* **INPUT DATA**
+ + + + +
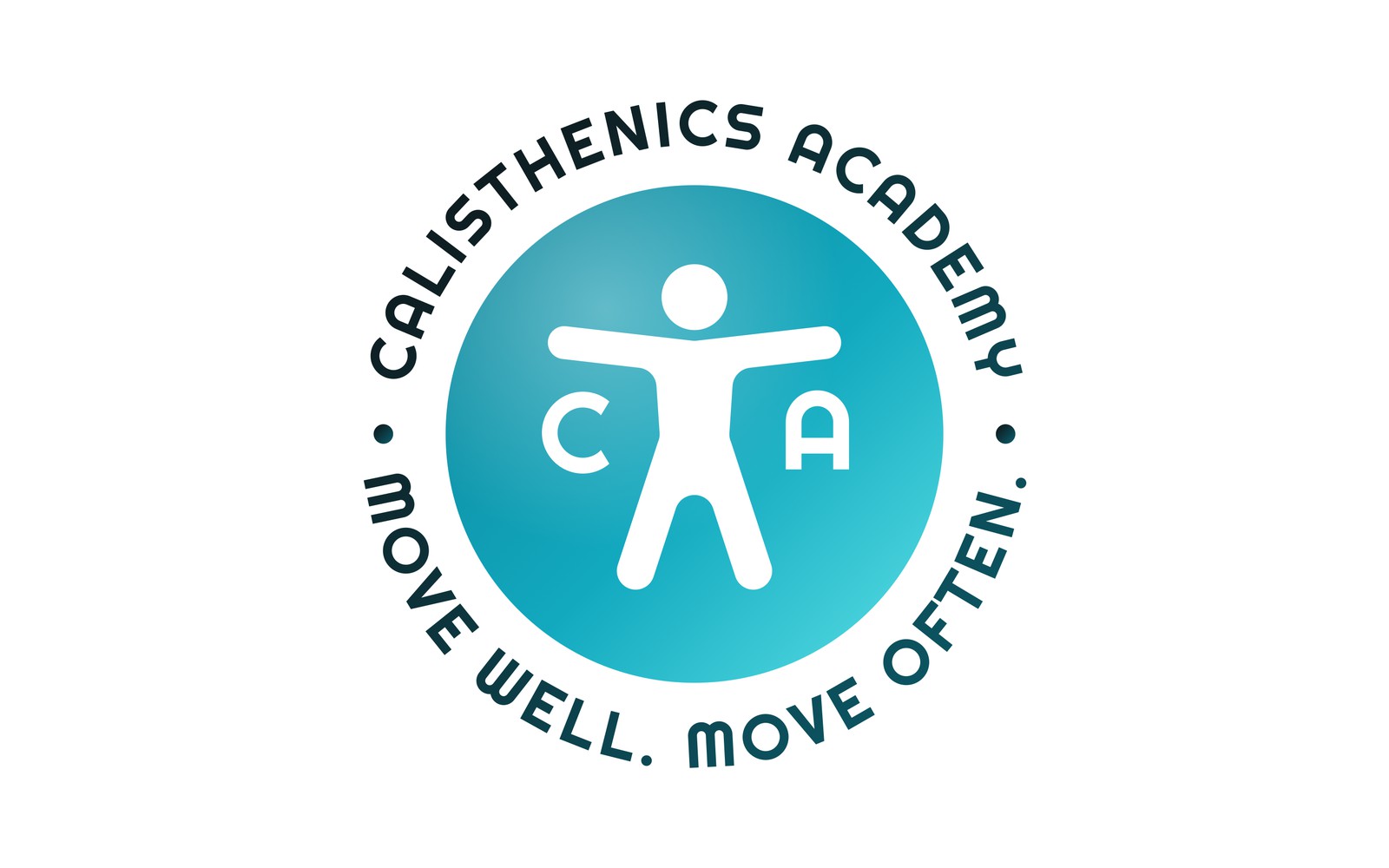 Calisthenics Academy logo: a figure with arms out between the letters C and A, ringed by Move well. Move often.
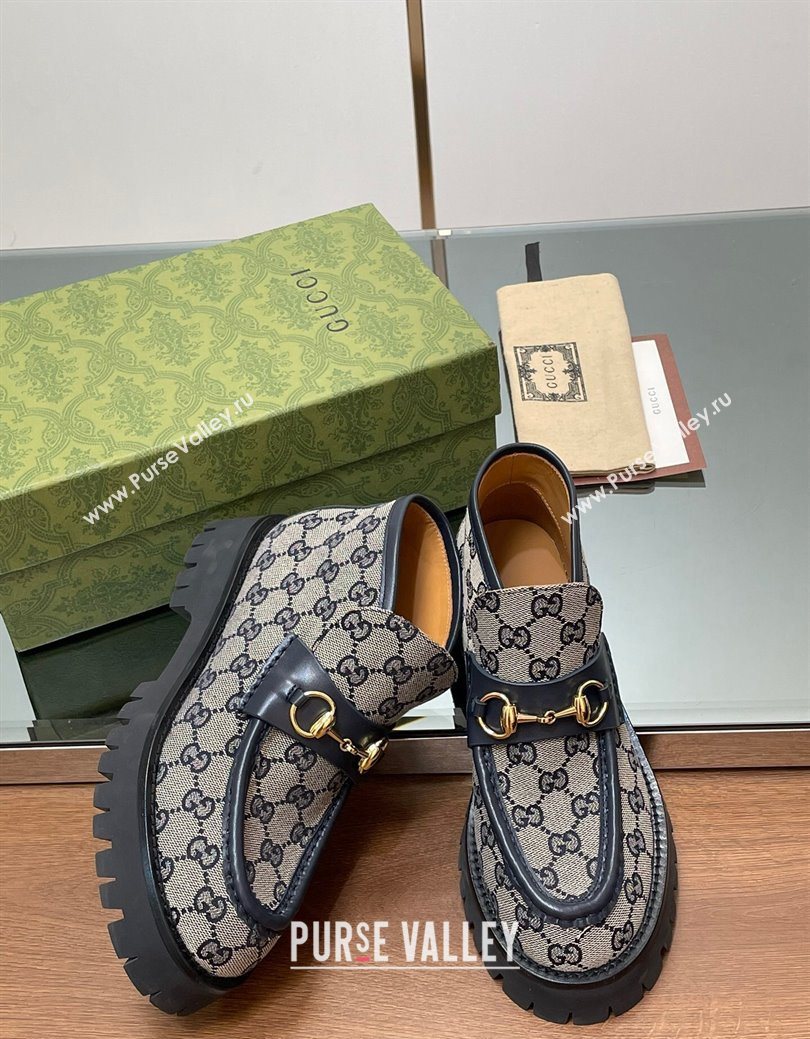 Gucci Horsebit Ankle Boots 4.5cm in GG Canvas Grey 2025 764206 (SS-250828178)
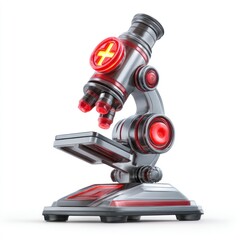 HighTech Microscope with Red Illumination Scientific Research and Analysis Tool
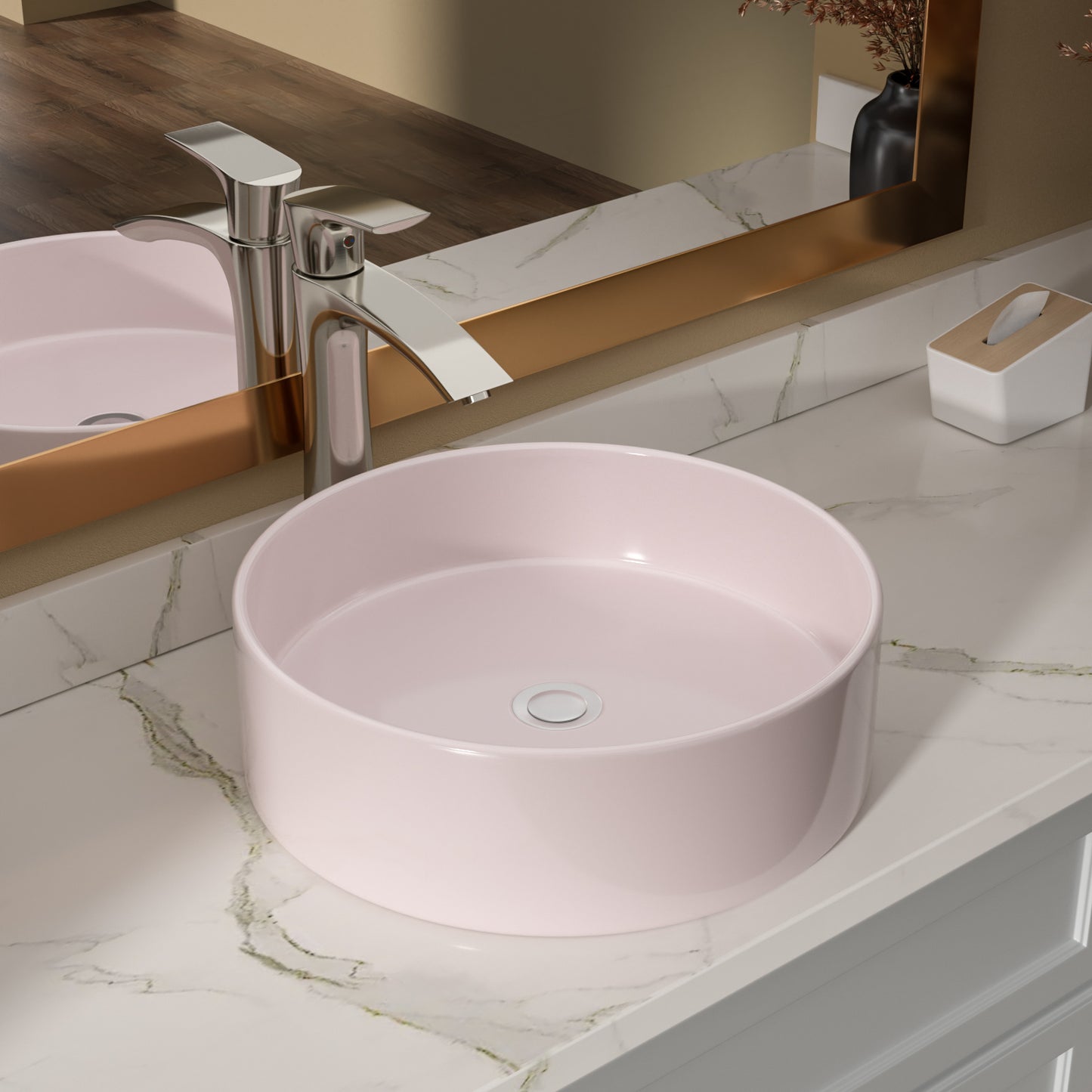 16in L x 16in W Vessel Round Bathroom Sink Modern Above Counter Bathroom Sink Ceramic Art Basin-Pink  from Lordear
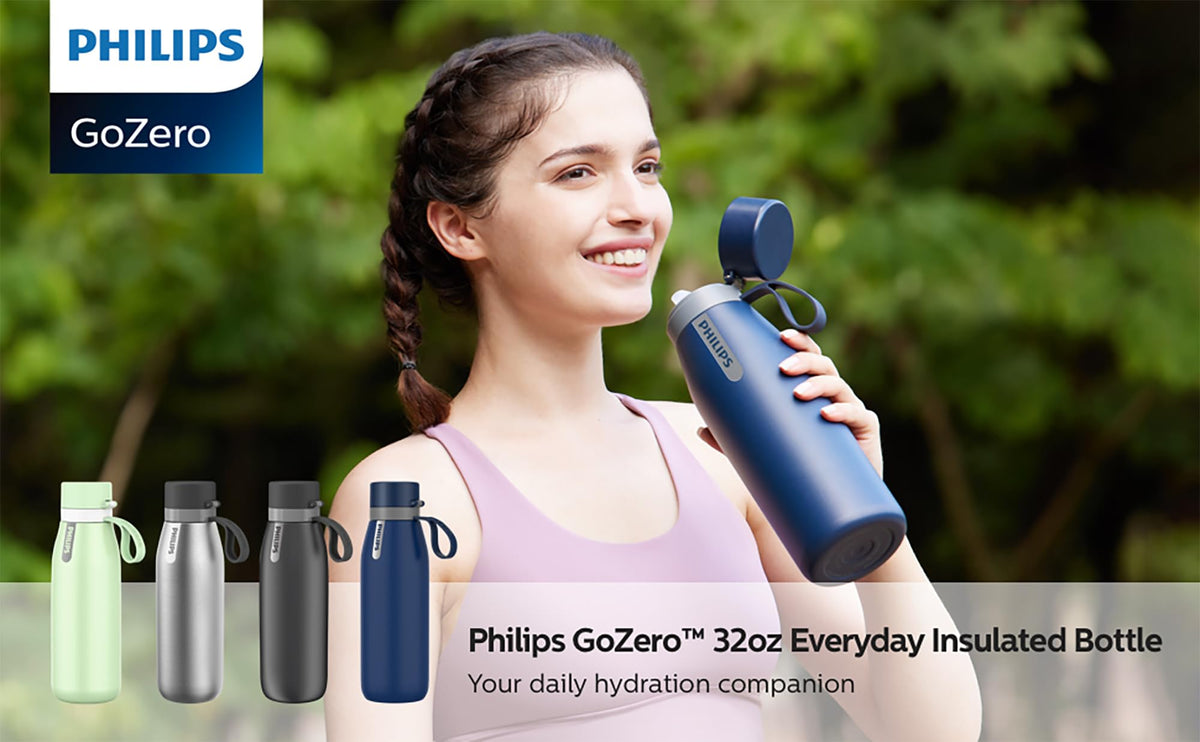 Philips GoZero bottle supports daily hydration during activities.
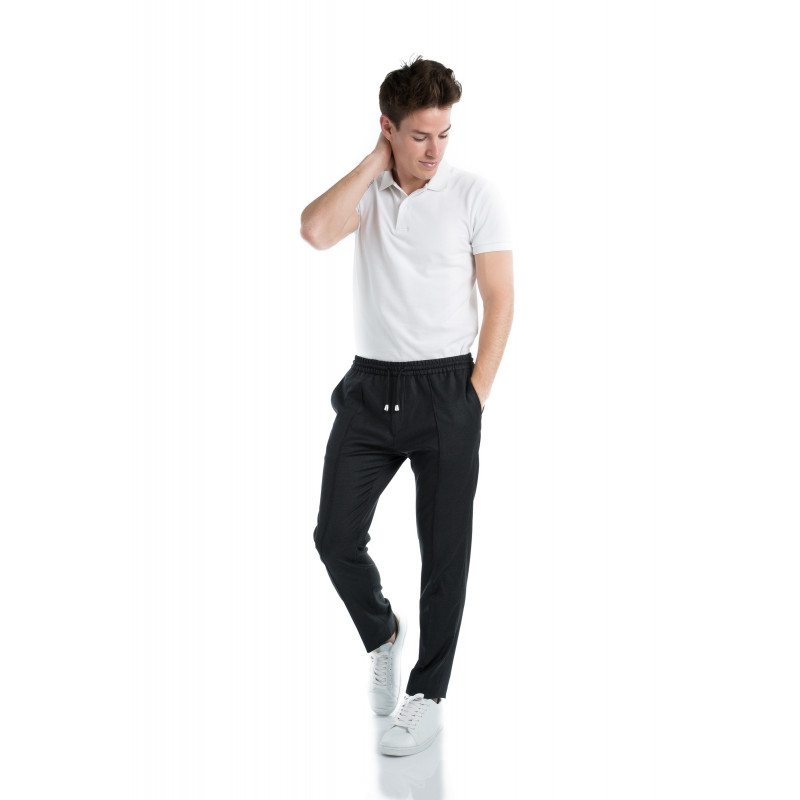 Trousers in pure wool 110's with drawstring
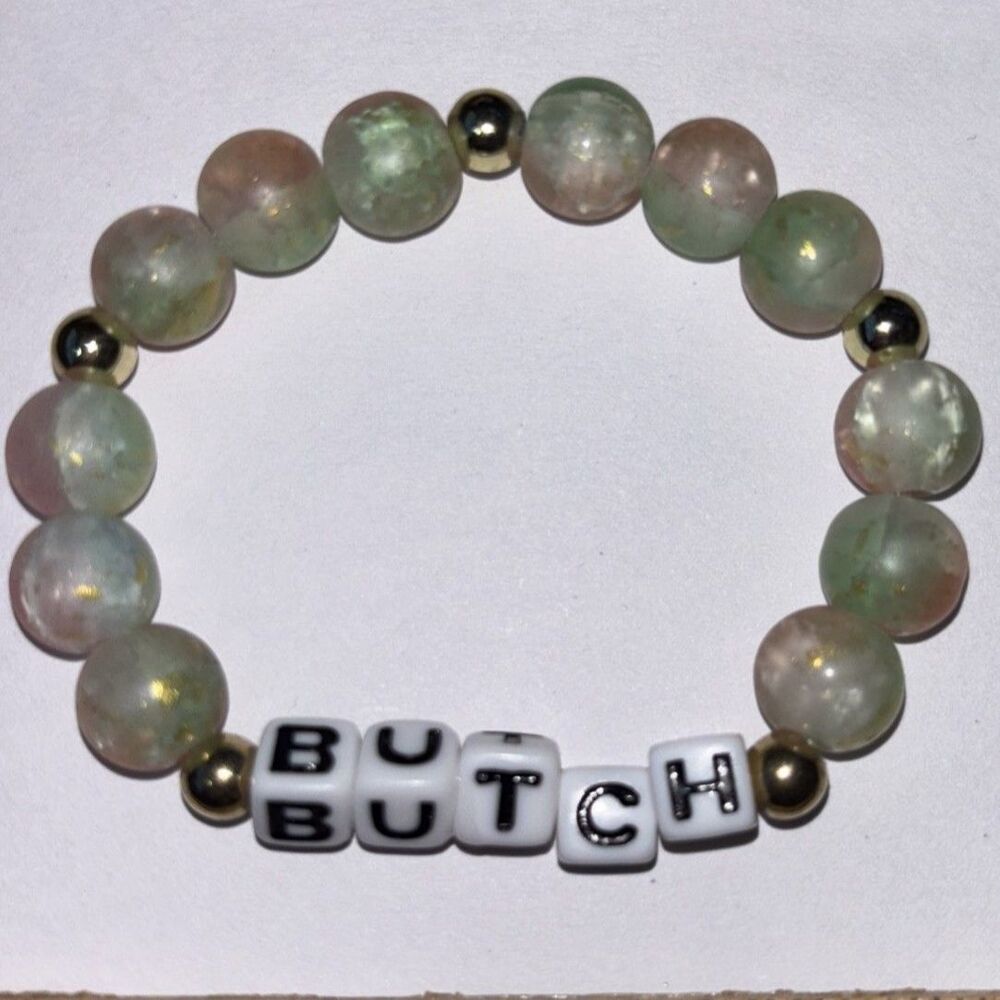 Butch Beaded Stretch Bracelet Gray Y2K Handcrafted LGBTQ Pride Lesbian Jewelry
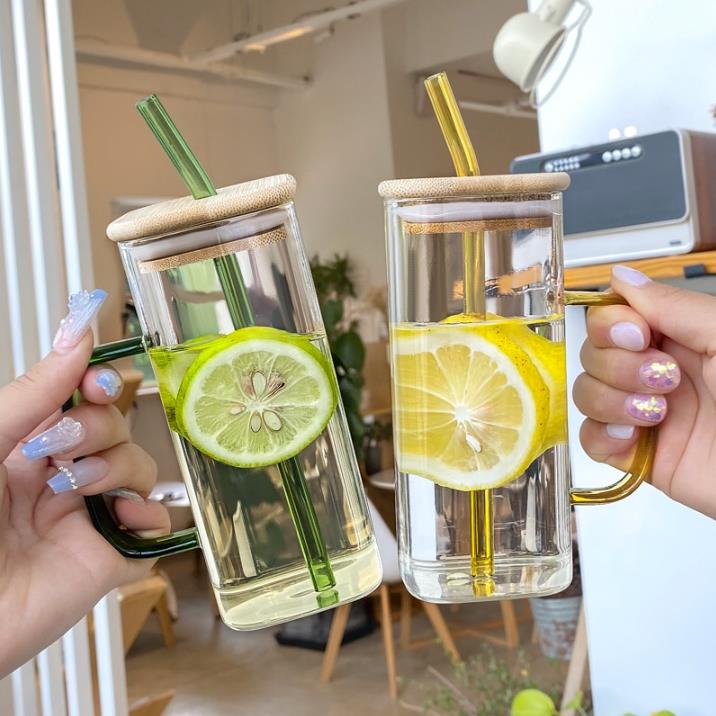 Ulife 400ml Square Glass Drinking Cup with Handle Bamboo Lid and ...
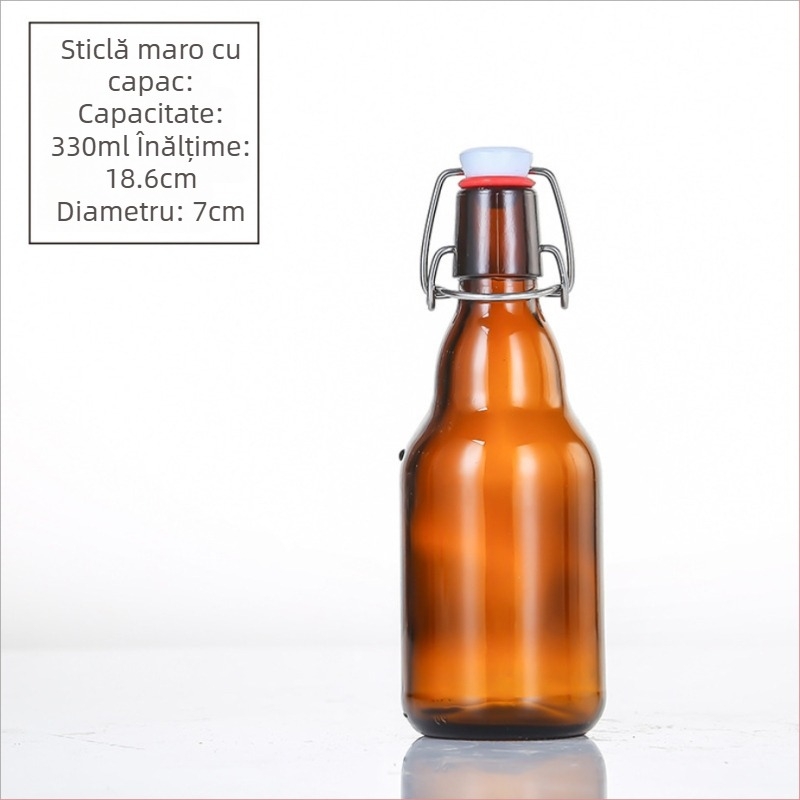 Sticlă maro din sticlă cu capac basculant, sigilată, 500 ml, pentru băuturi și enzime (sticlă goală pentru repachetare)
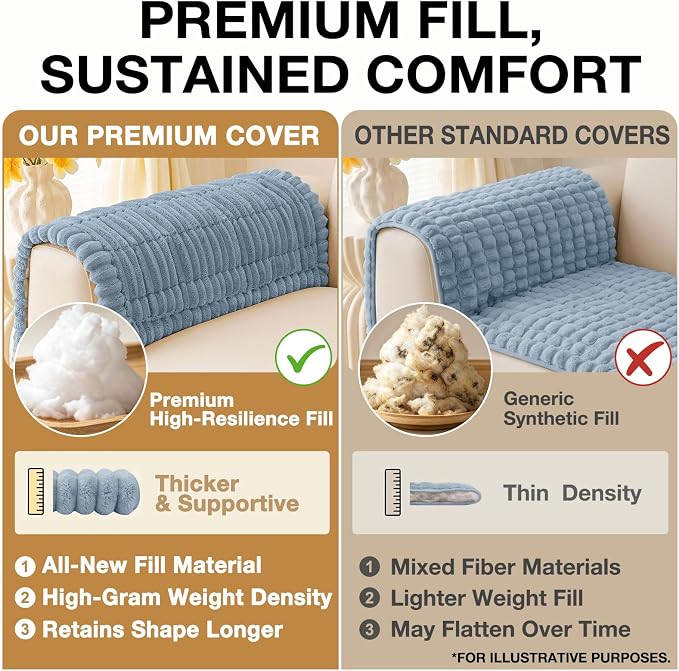 hyha Couch Cover for Dogs, Washable Non Slip Plush Flannel Sofa Protector | Thick Flannel, Silicone Anti-Slip Backing, Pet Hair & Scratch Protection, Fits Sofa & Loveseat (43" x 63") - Image 10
+ + + + +
* **WHAT YOU SHOULD DO**
Copying starts at the line containing "Sticlă maro din" and ends at the last line of the material above; repeat only those lines exactly and omit the pictures.

* **EXPECTED OUTPUT**
 Sticlă maro din sticlă cu capac basculant, sigilată, 500 ml, pentru băuturi și enzime (sticlă goală pentru repachetare)
 hyha Couch Cover for Dogs, Washable Non Slip Plush Flannel Sofa Protector | Thick Flannel, Silicone Anti-Slip Backing, Pet Hair & Scratch Protection, Fits Sofa & Loveseat (43" x 63") - Image 10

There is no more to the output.